So, can anyone confirm for me that 76032 is the reversion that they're calling 0.4.7?



As said in the article, they switched to git.


Nothing makes me more sad than this project.


We've asked you time and time again to start commenting substantively. If you won't, we'll ban the account.

https://news.ycombinator.com/newsguidelines.html


Not sure why you should feel that way. There is nothing wrong in trying to create a free clone of a popular software product. (There's also FreeDOS - a high-quality clone of MS-DOS.)


Maybe he feels like it would be more beneficial if the work were put into WINE instead.

There are lots of people who could switch to Linux if certain apps worked well under WINE. With the anti-user shenanigans Microsoft is doing in Windows now (e.g. using upstream bandwidth to seed updates, sucking up people's Internet connections, and potentially busting their data caps), this is needed now more than ever.

But no one's going to replace Windows with ReactOS. For example, is ReactOS going to keep up with drivers for current hardware? Of course not. Do they regularly release security updates? No. But Linux and Linux distros already do. So improving WINE helps people actually switch off Windows to a safer, less anti-user system.


> is ReactOS going to keep up with drivers for current hardware? Of course not.

Unlike Linux, ReactOS doesn't need to: one of the design goals was to provide binary compatibility with regular Windows drivers.


That's really neat if it works out. But doesn't this mean that users have to own a copy of Windows to use those drivers legally? Maybe they can download some drivers from manufacturer sites, and maybe some of their EULAs don't require the user to own a copy of Windows, but I'd be surprised if many users could run a machine with only Windows drivers without any of the drivers included in Windows releases.

But even if that all works as well as it does in Windows, it's still inferior to Linux. Users are stuck with whatever binary drivers they can get, and whatever reverse-engineered, bug-for-bug compatibility the ReactOS developers can manage. It would be much better for users if they could run WINE on Linux.


This isn't an either/or situation. The ReactOS developers collaborate heavily with the WINE developers, so many updates to ReactOS also benefit WINE and vice-versa.


That sounds nice, but wouldn't it be better if the effort were put toward WINE alone?

I just don't understand. WINE is like a necessary evil, a noble sacrifice of its developers' time to enable users to switch from Windows to a free, open platform for the applications they can't run on one natively. It's a sensible abstraction that enables something that wouldn't otherwise be possible.

But why reimplement Windows, the whole OS? If the devs enjoy it, it's their time to use as they choose. But the end result would be much more beneficial for users if it were put toward WINE so users could leave the Windows platform behind.

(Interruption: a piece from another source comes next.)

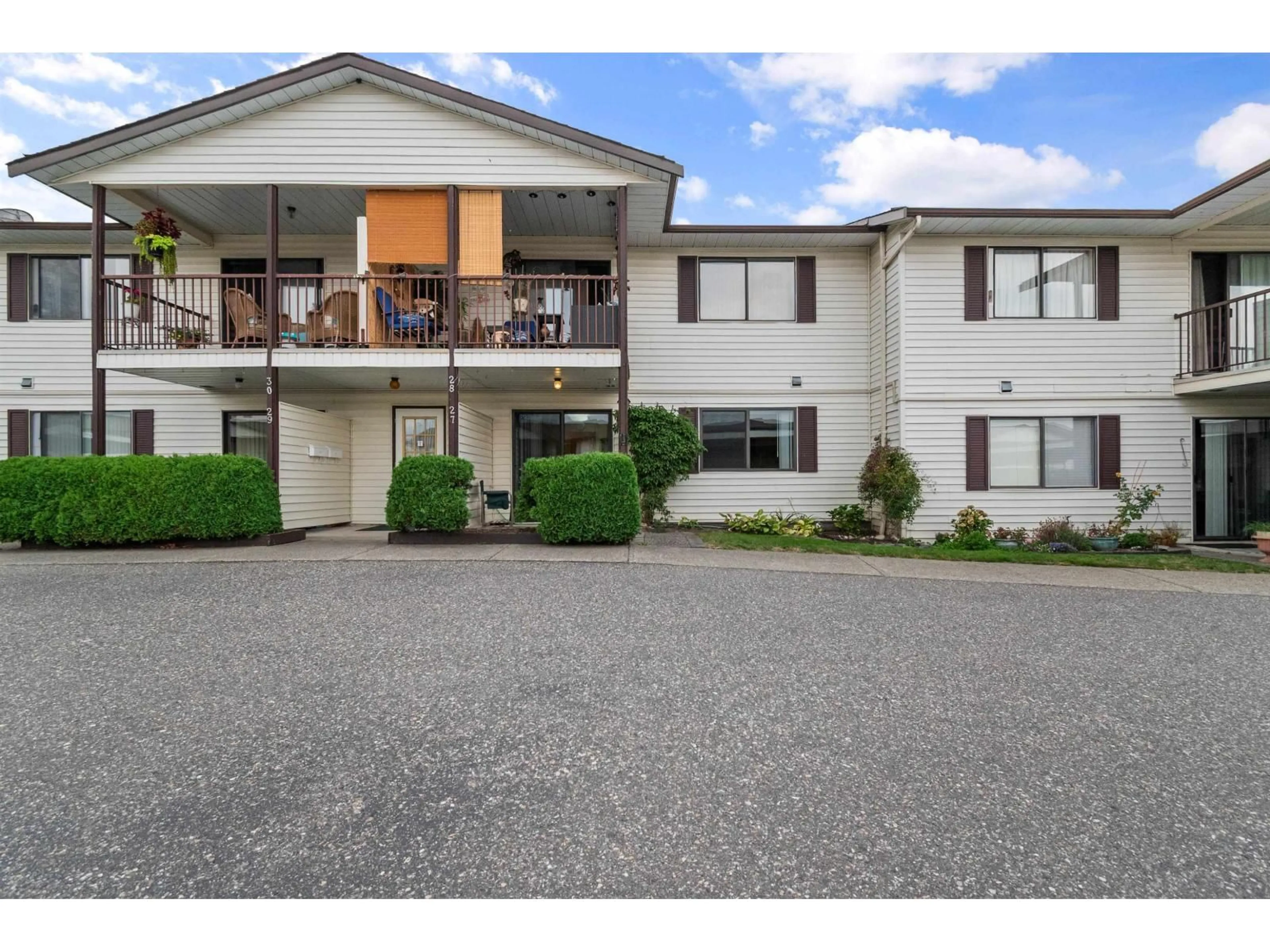 A pic from outside/outdoor area/front of a property/back of a property/a pic from drone, unknown for 27 - 7455 HURON STREET, Chilliwack British Columbia V2R2R9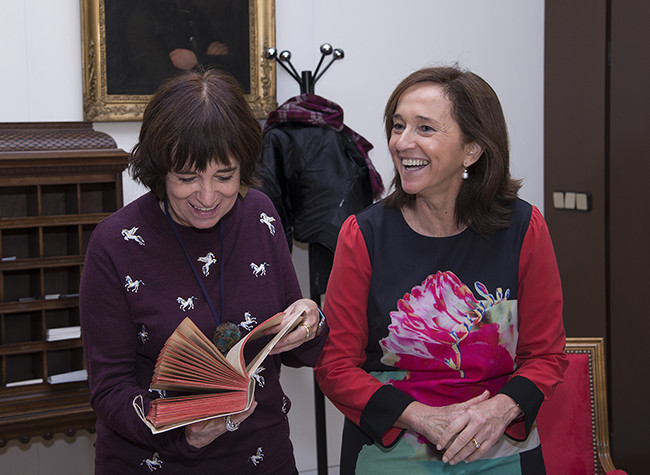 Rosa Montero y Ana Santos en la firma de la donación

>is ReactOS going to keep up with drivers for current hardware?

They don't need to. They do implement whatever needed to have ABI compatibility with actual Windows drivers, so the vendor driver should work.


That sounds really cool. But:

1. I presume this requires "bug-for-bug compatibility." How feasible is this without access to either the Windows source code or a lab full of machines and QA staff?

When a user gets a ReactOS BSOD because of a bug in the ReactOS driver ABI, what do they do? Even if they can report a bug and it eventually gets fixed, what do they do in the meantime? The answer is, probably, boot back into Windows and get their work done. Then they have to justify to themselves taking the time to try ReactOS again sometime in the future.

2. How many machines in the wild can run without any Microsoft-made drivers included in Windows releases? If the answer is less than 100%, those users will still have to own a copy of Windows.


I don't know why either. As it stands right now, the parent poster is vaguebooking.